To begin with, China is just one market. True, it’s a huge market, but today the world outside the mainland is still a lucrative landscape — even as COVID-19 rages on — filled with consumers that still matter and have their own values, which increasingly may not jibe with China’s geopolitical interests. Global brands understand this. But they also understand the importance of China’s complex luxury market, its hundreds millions of consumers, and the ever-changing sensibilities — both political and social — of China’s vast online culture.

The last thing global brands want to do is alienate their Chinese customers or the government. They’re there to make money and are acutely aware of the cost if they get it wrong. It’s about risk management and how much a crisis might potentially cost them. That’s all. They know that another Xinjiang-type crisis will pop up — one where nothing can be done to make things right, so why bother. It’s a lose-lose situation. Most likely, what’s best for the brand — the secret to surviving a PR nightmare in China today — is simply to do nothing.

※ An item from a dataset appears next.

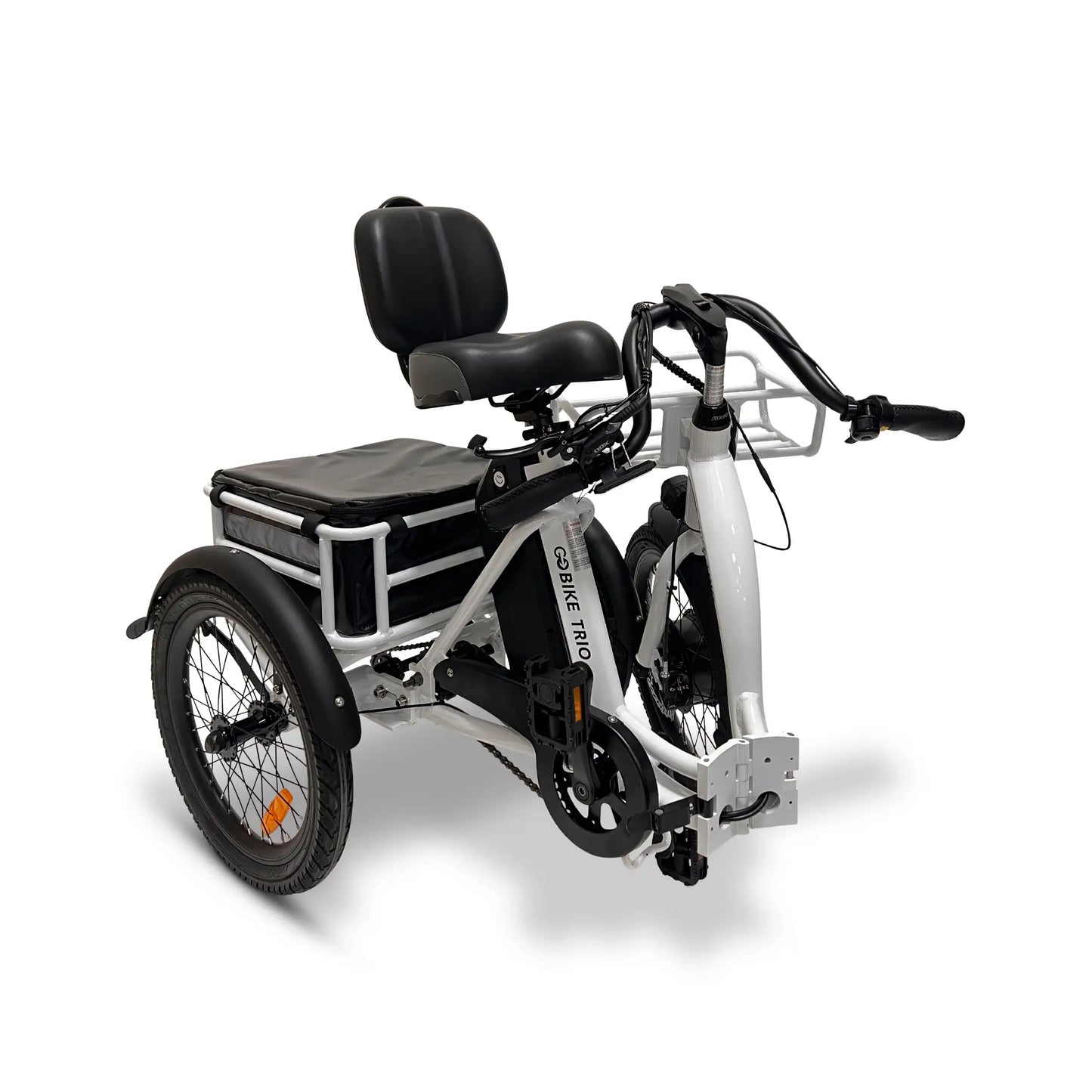 ComfyGo TRIO Crossover Lightweight Foldable Electric Tricycle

Mishaps are going to keep on happening in China, but it doesn’t matter. That’s where the money is, so these global brands aren’t leaving and everyone knows it. H&M still has some 260 stores there, and D&G is even opening a new flagship store in Shanghai later this year, adding to the number of boutiques it already has. So where does this leave us?

I would suggest at the beginning of a new phase, where the issuing of endless apologies — sincere or not (again, John Cena) — is no longer necessary. Where well-timed donations in an attempt to buy back consumer favor are, at best, a case-by-case situation (H&M and Burberry’s recent flood-relief contributions were welcomed but still got slammed by Chinese netizens). Instead, simply say nothing, take your medicine, and trust your local team to let you know when the storm has passed and when it’s okay to start reinvesting, hiring back, and moving forward. And, if nothing else, at least know where Taiwan is and who it belongs to. China. Always China.